The real question is of merit, brilliance and professional acumen of an artist and not the politics and ideology of his paymasters. Our man, Le Corbusier, who made Chandigarh, was no Fascist.

False shadow on a fine reputation

Le Corbusier in his studio. Photos courtesy: Museum of Modern Art, (MoMA) New York, 2013.



Rajnish Wattas

AS  the world gets ready to celebrate   Le Corbusier's  50th death anniversary on  August 27, this year,    two new books alleging   the most iconic architect-planner of the 20th century and planner of Chandigarh   to be  a “militant fascist” and his work “inspired by Nazi art” is rather unfortunate. But not surprising,  given the   siren lure of sensationalism  spiked with unexamined facts  that marks our times.
In any case, the fact of  Corbusier looking for work under the “Vichy Regime” — as the  French collaborationist  government was called — was never denied by him nor  hidden. Many recent excellent biographies of the man, notably Modern Man by Antony Flint and Le Corbusier: A Life,  by Nicholas Fox Webber, cover this dark phase and put it in perspective.
The real question is of brilliance and professional acumen of an artist and not the politics or ideology of his paymasters. Did the court painters of miniature paintings go around seeking commissions, pondering if they came from a noble, kind Pahari raja, a brutal Rajput ruler or the Mughal Court? Or for that matter did Michelangelo or Leonardo Di Vinci torment themselves with the ideology of their patrons?  Neither were they expected to nor their work  scrutinised under this lens. 
During World War II, when France fell to the marching jackboots of Hitler's juggernaut across Europe, Gen Charles De Gaulle fled to   London to raise the famous “Resistance”, leaving the World War I hero Martial Henri-Phillipe Petain,  along with some other leaders  called the “Vichy regime” after its’ headquarters at the small spa town — to shake hands with the Nazis to buy peace and let the rest of the French carry on with their lives and work.
Initially, Corbusier with his wife fled from Paris to a  village, but finding himself unemployed, he soon got restless. He was introduced to Martial Petain through playwright Jean Giraudoux,  who wanted Corbusier  to undertake huge urban renewal and housing activity to rebuild the war-ravaged country.  It was promising for a work-starved architect. Le Corbusier  although by  now had gained enormous fame across the world as a visionary thinker, urbanist and a pioneer  of Modernism, but most of his projects either remained unbuilt or aborted — either for their radical concepts or  fickle  clients. His vision unfolded through his writings, observations and hypothetical “generic projects” as well as built ones, based on his insights on architecture and urbanism.

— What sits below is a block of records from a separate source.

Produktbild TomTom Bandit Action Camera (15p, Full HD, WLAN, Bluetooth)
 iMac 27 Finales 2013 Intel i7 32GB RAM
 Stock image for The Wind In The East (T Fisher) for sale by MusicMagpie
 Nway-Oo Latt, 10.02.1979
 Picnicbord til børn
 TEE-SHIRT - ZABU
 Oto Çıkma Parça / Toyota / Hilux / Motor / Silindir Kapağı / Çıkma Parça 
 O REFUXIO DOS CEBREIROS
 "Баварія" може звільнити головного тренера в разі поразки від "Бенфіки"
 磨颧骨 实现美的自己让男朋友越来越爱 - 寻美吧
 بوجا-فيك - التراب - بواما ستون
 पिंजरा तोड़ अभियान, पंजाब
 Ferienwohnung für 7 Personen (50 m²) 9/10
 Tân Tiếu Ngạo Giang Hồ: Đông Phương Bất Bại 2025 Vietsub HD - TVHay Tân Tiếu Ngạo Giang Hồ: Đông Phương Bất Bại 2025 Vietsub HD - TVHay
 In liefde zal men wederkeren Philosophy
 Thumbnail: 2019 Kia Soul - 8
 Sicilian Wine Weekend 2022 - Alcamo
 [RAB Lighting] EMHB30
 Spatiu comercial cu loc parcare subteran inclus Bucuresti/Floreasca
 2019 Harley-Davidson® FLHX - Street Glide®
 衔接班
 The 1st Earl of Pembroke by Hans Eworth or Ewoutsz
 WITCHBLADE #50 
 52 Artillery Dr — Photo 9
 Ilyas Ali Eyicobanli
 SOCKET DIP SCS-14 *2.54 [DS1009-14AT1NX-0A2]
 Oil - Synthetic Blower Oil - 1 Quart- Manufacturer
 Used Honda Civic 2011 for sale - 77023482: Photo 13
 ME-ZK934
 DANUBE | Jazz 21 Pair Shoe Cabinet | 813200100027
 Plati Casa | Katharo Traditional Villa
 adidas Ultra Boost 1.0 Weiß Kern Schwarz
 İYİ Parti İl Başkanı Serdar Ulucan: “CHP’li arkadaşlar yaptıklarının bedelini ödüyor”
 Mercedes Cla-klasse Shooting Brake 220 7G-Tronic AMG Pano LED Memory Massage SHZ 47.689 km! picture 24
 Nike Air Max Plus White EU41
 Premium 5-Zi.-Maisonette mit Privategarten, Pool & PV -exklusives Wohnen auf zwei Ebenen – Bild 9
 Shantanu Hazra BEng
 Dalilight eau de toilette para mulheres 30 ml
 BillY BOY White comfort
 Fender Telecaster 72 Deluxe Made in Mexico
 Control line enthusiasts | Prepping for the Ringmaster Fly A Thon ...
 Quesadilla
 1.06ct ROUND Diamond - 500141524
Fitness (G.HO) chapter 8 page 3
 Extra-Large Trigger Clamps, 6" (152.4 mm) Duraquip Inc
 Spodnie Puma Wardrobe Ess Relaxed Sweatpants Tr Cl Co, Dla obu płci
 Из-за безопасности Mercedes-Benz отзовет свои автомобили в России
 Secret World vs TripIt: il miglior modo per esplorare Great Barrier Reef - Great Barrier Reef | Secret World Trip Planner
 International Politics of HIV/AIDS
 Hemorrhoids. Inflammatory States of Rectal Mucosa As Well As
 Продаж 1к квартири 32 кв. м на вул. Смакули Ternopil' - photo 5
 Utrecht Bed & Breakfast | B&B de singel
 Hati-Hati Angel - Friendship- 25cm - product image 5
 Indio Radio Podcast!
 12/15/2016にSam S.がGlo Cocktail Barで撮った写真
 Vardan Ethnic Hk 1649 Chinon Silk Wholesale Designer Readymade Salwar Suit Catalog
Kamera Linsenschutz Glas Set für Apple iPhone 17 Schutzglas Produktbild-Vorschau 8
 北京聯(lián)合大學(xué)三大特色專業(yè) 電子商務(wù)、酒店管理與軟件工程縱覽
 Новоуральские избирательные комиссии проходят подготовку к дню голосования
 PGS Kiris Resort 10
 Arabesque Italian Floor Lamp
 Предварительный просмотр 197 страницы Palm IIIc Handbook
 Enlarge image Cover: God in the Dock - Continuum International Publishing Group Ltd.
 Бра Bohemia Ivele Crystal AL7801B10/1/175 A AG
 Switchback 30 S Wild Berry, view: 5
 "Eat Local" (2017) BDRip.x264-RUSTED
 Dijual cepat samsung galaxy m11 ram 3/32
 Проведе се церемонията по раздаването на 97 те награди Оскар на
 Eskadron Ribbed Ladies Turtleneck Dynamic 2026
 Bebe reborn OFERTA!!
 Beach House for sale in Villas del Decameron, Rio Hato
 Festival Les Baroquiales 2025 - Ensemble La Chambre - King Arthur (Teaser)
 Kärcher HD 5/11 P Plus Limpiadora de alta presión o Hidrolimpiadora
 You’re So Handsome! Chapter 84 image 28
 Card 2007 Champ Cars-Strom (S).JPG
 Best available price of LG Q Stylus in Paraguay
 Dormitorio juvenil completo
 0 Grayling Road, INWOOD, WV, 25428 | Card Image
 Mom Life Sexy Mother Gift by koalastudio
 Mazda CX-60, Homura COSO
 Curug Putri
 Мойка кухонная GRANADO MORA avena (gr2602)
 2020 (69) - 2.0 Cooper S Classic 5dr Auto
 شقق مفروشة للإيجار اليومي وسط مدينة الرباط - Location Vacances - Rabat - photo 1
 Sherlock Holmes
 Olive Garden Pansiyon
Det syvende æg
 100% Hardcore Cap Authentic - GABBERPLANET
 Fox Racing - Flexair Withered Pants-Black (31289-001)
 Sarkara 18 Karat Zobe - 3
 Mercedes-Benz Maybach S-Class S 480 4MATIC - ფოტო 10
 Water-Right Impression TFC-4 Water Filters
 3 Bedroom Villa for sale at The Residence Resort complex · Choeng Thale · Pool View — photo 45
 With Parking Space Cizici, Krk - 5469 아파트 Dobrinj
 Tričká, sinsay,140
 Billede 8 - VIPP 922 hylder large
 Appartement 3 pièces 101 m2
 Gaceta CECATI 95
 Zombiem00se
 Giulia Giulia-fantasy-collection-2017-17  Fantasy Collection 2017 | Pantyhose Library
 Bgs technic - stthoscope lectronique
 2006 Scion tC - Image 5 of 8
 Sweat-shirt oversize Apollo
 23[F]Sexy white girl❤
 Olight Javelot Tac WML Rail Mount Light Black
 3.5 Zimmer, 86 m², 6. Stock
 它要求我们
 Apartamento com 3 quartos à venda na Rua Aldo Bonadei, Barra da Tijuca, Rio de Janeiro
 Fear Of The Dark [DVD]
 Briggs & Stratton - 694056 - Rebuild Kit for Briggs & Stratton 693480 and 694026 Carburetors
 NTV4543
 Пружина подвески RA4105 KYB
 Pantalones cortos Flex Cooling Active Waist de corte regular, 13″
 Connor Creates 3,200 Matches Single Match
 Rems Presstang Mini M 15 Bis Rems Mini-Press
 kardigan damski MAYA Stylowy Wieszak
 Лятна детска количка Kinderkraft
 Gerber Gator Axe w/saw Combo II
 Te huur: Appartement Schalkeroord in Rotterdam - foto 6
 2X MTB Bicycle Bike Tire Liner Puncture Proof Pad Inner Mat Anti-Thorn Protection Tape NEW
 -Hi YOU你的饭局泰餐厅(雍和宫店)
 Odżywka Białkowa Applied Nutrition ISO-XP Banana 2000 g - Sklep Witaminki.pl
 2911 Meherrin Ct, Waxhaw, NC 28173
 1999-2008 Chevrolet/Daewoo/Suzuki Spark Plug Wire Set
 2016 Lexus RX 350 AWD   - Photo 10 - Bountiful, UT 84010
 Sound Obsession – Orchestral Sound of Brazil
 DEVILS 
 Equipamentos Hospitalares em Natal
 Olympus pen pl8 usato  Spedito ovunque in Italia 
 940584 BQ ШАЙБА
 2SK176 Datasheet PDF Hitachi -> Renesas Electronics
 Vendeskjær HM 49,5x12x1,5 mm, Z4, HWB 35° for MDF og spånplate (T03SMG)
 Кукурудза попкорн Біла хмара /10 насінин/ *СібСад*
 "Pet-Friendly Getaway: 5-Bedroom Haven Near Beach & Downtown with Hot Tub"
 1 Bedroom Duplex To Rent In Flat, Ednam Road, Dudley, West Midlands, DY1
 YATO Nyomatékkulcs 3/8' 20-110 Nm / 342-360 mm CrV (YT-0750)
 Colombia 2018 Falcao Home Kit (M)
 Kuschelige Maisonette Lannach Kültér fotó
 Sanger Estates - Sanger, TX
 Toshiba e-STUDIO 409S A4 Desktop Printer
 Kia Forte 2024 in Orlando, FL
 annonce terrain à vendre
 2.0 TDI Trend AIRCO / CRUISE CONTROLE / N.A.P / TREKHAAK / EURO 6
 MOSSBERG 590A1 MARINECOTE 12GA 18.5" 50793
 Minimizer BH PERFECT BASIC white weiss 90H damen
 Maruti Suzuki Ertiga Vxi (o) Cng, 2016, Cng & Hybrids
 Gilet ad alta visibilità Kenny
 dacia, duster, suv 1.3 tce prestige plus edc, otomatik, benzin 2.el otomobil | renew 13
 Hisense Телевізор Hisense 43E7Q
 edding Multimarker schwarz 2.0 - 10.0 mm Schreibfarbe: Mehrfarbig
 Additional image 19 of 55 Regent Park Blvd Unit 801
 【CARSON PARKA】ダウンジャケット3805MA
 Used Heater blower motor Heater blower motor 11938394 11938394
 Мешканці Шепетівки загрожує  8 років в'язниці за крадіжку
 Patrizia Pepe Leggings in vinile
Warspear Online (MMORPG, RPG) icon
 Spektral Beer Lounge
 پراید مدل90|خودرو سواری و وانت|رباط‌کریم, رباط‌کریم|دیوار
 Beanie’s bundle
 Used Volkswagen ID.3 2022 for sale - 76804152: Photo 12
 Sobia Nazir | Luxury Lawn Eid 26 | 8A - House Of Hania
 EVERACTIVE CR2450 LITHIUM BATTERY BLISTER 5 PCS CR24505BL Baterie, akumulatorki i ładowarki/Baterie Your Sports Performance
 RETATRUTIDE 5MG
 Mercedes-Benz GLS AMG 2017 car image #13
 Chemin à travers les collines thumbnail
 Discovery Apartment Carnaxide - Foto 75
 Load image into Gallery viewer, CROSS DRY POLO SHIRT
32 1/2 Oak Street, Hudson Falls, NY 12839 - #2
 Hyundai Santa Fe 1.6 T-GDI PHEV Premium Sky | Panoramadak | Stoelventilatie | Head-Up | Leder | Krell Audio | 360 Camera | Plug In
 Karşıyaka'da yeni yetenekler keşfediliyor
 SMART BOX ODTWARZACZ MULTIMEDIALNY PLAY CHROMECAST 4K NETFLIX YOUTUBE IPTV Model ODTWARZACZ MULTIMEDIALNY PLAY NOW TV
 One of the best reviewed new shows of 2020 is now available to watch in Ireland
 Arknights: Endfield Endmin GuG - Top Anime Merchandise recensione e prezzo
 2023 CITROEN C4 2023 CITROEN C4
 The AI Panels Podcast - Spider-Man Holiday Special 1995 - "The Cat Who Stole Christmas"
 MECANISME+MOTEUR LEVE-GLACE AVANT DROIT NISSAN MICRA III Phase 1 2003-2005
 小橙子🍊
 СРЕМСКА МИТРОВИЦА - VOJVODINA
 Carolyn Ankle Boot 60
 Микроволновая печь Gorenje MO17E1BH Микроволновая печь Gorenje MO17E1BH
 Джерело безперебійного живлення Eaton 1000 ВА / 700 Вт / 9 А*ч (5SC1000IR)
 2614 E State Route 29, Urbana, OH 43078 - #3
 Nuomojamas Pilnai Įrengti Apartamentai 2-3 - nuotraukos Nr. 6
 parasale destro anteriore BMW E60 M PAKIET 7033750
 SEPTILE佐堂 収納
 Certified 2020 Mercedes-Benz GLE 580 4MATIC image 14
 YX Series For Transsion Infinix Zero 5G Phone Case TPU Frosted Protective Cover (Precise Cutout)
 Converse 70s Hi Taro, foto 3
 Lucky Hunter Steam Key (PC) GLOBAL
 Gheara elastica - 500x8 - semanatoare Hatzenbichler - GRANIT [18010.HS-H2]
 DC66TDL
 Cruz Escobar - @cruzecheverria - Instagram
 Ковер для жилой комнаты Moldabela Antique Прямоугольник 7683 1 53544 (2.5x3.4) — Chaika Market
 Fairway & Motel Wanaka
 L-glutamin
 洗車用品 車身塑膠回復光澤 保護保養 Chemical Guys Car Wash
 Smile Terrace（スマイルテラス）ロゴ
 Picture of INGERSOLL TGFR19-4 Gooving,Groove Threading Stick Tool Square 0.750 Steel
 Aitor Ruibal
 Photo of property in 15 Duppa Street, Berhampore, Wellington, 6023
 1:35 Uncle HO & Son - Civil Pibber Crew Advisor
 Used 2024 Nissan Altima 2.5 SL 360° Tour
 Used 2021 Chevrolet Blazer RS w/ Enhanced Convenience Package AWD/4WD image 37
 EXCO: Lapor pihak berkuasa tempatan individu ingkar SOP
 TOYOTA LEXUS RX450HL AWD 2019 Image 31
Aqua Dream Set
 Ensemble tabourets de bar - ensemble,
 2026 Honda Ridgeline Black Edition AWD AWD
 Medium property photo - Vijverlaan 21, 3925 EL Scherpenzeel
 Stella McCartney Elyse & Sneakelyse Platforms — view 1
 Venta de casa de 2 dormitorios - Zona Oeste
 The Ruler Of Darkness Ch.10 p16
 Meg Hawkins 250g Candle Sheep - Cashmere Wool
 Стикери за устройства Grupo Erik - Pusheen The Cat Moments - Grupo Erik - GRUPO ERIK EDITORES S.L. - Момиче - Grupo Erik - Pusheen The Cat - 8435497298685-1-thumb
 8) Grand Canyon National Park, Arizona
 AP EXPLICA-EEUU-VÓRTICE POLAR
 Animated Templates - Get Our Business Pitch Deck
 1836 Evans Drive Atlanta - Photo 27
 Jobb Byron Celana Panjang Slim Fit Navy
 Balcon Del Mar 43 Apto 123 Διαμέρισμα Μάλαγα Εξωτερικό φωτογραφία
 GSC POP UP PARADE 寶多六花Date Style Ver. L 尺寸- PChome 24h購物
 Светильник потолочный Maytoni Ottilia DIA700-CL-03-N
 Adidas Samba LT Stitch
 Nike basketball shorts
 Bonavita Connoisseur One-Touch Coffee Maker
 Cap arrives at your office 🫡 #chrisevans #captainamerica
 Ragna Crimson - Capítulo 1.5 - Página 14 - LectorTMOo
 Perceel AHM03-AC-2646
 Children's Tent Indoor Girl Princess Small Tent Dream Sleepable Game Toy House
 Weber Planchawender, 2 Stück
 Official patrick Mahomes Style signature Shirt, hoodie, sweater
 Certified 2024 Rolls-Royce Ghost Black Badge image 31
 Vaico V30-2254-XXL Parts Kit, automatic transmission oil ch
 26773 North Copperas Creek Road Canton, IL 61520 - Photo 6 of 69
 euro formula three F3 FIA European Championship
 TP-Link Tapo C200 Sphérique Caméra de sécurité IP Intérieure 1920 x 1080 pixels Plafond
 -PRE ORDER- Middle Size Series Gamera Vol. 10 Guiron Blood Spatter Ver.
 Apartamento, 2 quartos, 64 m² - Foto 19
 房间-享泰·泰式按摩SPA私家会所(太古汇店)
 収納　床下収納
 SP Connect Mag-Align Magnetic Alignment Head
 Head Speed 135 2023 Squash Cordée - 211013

His famous urban renewal schemes for Paris  “Plan Voisin” in 1925 and before that in  1922  one for a "Contemporary City" for three million inhabitants just remained paper plans.
And he was convinced that the “establishment,” including “Beaux de arts,” and other traditionalists, did not want to  address emerging issues of architecture and cities with the advent of the motor car, aeroplanes and the “machine age” demands on human habitats. A new vision, invention  and paradigm was required, and he saw himself as a kind of architectural prophet for that. He had better solutions to offer. Even America's tycoons though feted and celebrated him during his 1930s visit,  gave no commissions for his vertical city ideas, notwithstanding  that he called the Manhattan skyscrapers as, “Grand Canyons of steel and stone!” Invited to nearly 30 lectures in numerous universities and schools of architecture in the US  to packed halls — but no commissions. 
Corbusier learnt his lesson: “Architects needed patrons not clients”. Coming back to the dark saga,  Corbusier never ever  made any public pronouncements of any political or ideological leanings, though  privately in a letter to his mother did express a hope, “If Hitler kept his promises he can crown his life with remaking of Europe...solving real problems..end of speeches, meetings and sterility.” His professional setbacks, disappointments and almost maniac hunger to build and a divine drive for architecture, perhaps convinced him to take such a view. After the war, he certainly distanced himself from this dark dalliance and airbrushed the records, but he never ever had any political inclinations or ideological leanings towards fascism. The sum total of Le Corbusier was his work, his contribution to architecture, urban planning, art and writings at that point of time. No wonder, he was chosen for making India's city of tomorrow: Chandigarh. And admired by no less a person than by Pandit Jawaharlal Nehru who wanted the city to be, “unfettered by traditions of the past...symbolic of India's freedom”.  Today Chandigarh —not withstanding its flaws —has stood the test of time. A city planned for 5 lakh population holds  12 lakh people. Along with burgeoning extensions of Mohali, Panchkula, Mullanpur falling in bordering Punjab and Haryana, it is projected to become an urban complex of 45 lakh people by 2030! 
For the making of Chandigarh,  Corbusier lived in tents or makeshift resthouses  under baking sun and dust storms, all for a pittance. His Indian associates recall his concern for   the human aspect always in his work. He would go over to nearby villages to sketch mud huts, vibrant folk art, carts,  buffaloes and bullocks! He later  translated some inspirational forms like the piercing  bullock horns  into a canopy shape for a portico in front of the Assembly building and painted its huge door personally with motifs of sun, animals, nature and cosmos — affirming his connect with the timeless Indian civilisation and its placid bucolic life. He was fascinated by the etchings drawn by rustic village labourers on wet concrete surfaces of parrots, peacocks, fish etc.  and used them as bas-relief for his building facades. His  monument of the Open Hand in the Capitol Complex —his greatest realised work — is derived from his deep belief in peace for the war-torn world. The Open  Hand stands for the message: “Open to give and Open to receive.” Personally, he was almost monastic and hermit-like in  real life and  lived only  to work, to paint, write, make buildings. When he died, his worldly possessions were mostly the  compendium of his work: 32,000 architecture drawings, 8,000 art drawings, 200 paintings, and 1.5 million memos and other documents, which he bequeathed to posterity. Could such man ever be a Nazi at heart?  
The writer, the former principal of the Chandigarh College of Architecture, is an author and architectural critic.